Public visitors can open the HuggingFace Space and click Try Demo to see a simulated flow without using AMD GPU credits. Full AMD MI300X generation is protected by an access code shared only in the lablab.ai submission notes for judges.

Recommended judging flow:

  1. Open the HuggingFace Space.
  2. Click Try Demo for the instant public demo.
  3. Enter the judge access code from the lablab.ai submission notes to run real generation on AMD GPU Cloud.
  4. Upload a short MP4 sample for the real run.

Local Development

For the real development/demo path, run the frontend locally and point it at the AMD GPU Cloud backend:

# frontend/.env.local
NEXT_PUBLIC_API_URL=http://129.212.178.101:8080
NEXT_PUBLIC_DEMO_ENABLED=true
NEXT_PUBLIC_DEMO_ONLY=false
cd frontend
npm install
npm run dev  # http://localhost:3000

The AMD GPU Cloud backend runs FastAPI on :8080 and vLLM/Qwen2.5-VL on :8000. For development without a GPU, the backend can still run with fallback stubs (stubbed Whisper, fallback vision scores).


Safe Public Demo Setup

ElevenClip AI supports three deployment modes:

Mode Frontend runs on Backend/vLLM runs on Use when
Local dev Your laptop (localhost:3000) AMD GPU Cloud (129.212.178.101:8080) Iterating quickly while using MI300X remotely
HF public shell HuggingFace Space CPU AMD GPU Cloud Public hackathon page, real generation gated by access code
HF self-contained GPU HuggingFace Space HuggingFace Space GPU Only if the Space has suitable ROCm/AMD GPU hardware

For the current CPU Basic HuggingFace Space, use it as the public UI and keep real generation on AMD GPU Cloud:

# frontend/.env.local for local development
NEXT_PUBLIC_API_URL=http://129.212.178.101:8080
NEXT_PUBLIC_DEMO_ENABLED=true
NEXT_PUBLIC_DEMO_ONLY=false

On the AMD GPU Cloud backend, protect expensive GPU endpoints before exposing the demo:

export DEMO_ACCESS_CODE="share-this-only-with-judges"
export MAX_CONCURRENT_JOBS=1
export MAX_UPLOAD_MB=300
export VLLM_IDLE_TIMEOUT=300

When DEMO_ACCESS_CODE is set, /api/process, /api/video-info, and vLLM start/stop endpoints require the X-Demo-Key header. The frontend shows a Demo Access Code field and sends that header automatically. Leave DEMO_ACCESS_CODE unset only for private/local testing.
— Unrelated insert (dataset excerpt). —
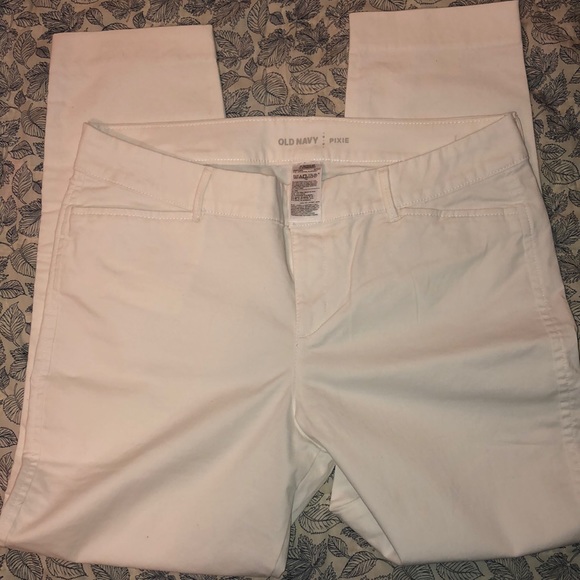 Old Navy Pixie Chinos- like new - Picture 2 of 4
For a self-contained HuggingFace GPU Space, leave NEXT_PUBLIC_API_URL="" so nginx routes /api, /ws, and /downloads to FastAPI inside the same Space. Only use this mode if the Space hardware is actually GPU-capable.

For the public HuggingFace Space, set NEXT_PUBLIC_DEMO_ONLY=true. Visitors can open the UI and run the simulated demo without touching AMD GPU credits. Judges can enter the access code to run real generation against the protected AMD GPU Cloud backend.

The current Docker setup keeps NEXT_PUBLIC_API_URL="" so the browser calls the HF Space on the same origin, then FastAPI forwards real judge requests to REMOTE_BACKEND_URL. This avoids browser mixed-content blocking from an HTTPS Space calling an HTTP AMD Cloud IP directly.

# HF Space / Docker runtime
NEXT_PUBLIC_API_URL=
NEXT_PUBLIC_DEMO_ONLY=true
REMOTE_BACKEND_URL=http://129.212.178.101:8080

Hackathon Compliance

Requirement Status
Track 3: Vision & Multimodal AI ✅ Qwen2.5-VL processes frames + audio simultaneously
AMD Developer Cloud ✅ All inference on AMD Instinct MI300X via ROCm 6.3
ROCm acceleration ✅ vLLM + SDPA Whisper + h264_amf encoder
Qwen partner integration ✅ Qwen2.5-VL as primary multimodal model and text/emoji prompt model
HuggingFace Space lablab-ai-amd-developer-hackathon/ElevenClip-AI
Public GitHub repo JakgritB/ElevenClip-AI
Ship It challenge ✅ Social posts tagging @AIatAMD + @lablab
MIT license

License

MIT — see LICENSE